━━ RECORDED DATA ━━

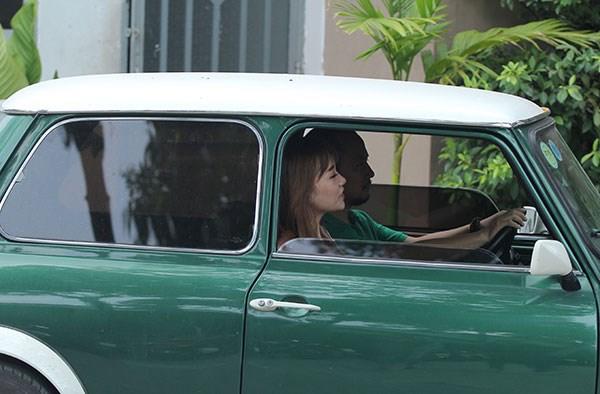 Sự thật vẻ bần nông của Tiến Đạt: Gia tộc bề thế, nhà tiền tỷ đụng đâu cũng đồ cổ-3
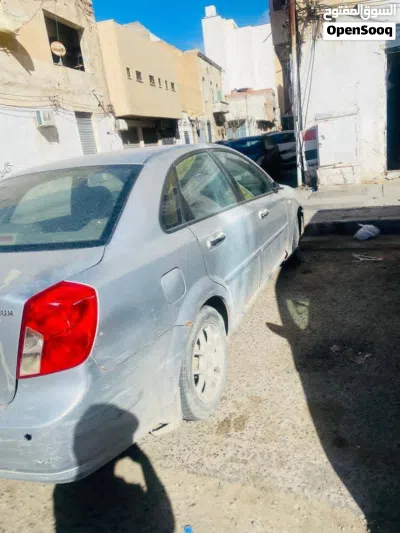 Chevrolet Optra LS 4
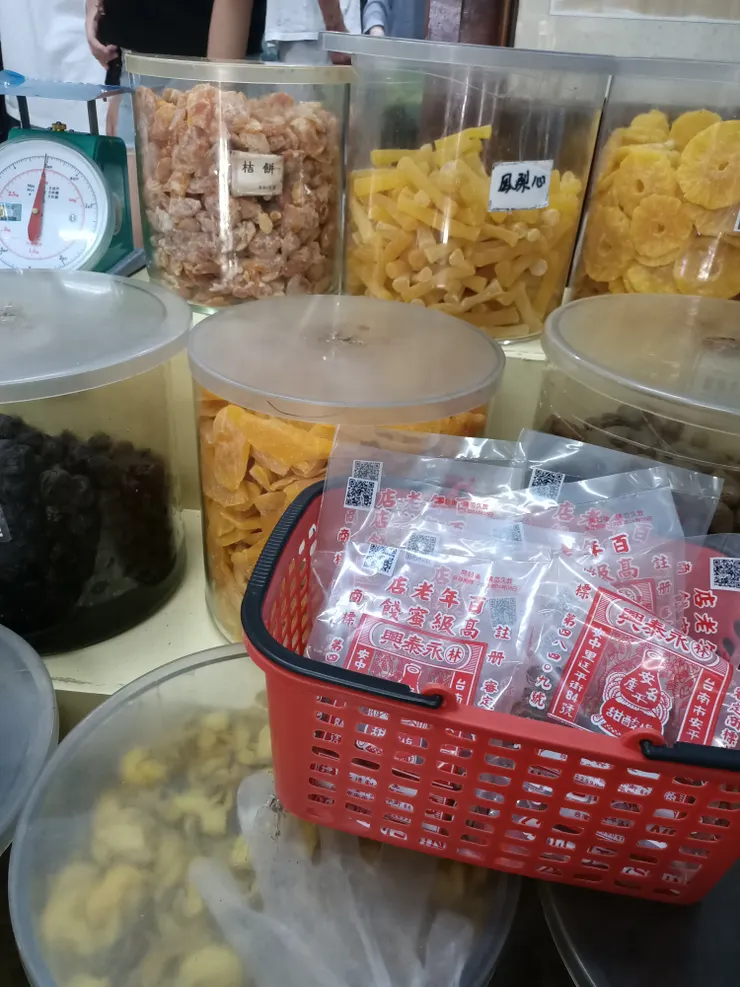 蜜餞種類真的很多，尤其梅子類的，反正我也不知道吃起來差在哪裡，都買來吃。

━━━

§ EXERCISE DETAILS
Exclude images. Return the data above verbatim.

§ EXERCISE RESULT
 Sự thật vẻ bần nông của Tiến Đạt: Gia tộc bề thế, nhà tiền tỷ đụng đâu cũng đồ cổ-3
 Chevrolet Optra LS 4
 蜜餞種類真的很多，尤其梅子類的，反正我也不知道吃起來差在哪裡，都買來吃。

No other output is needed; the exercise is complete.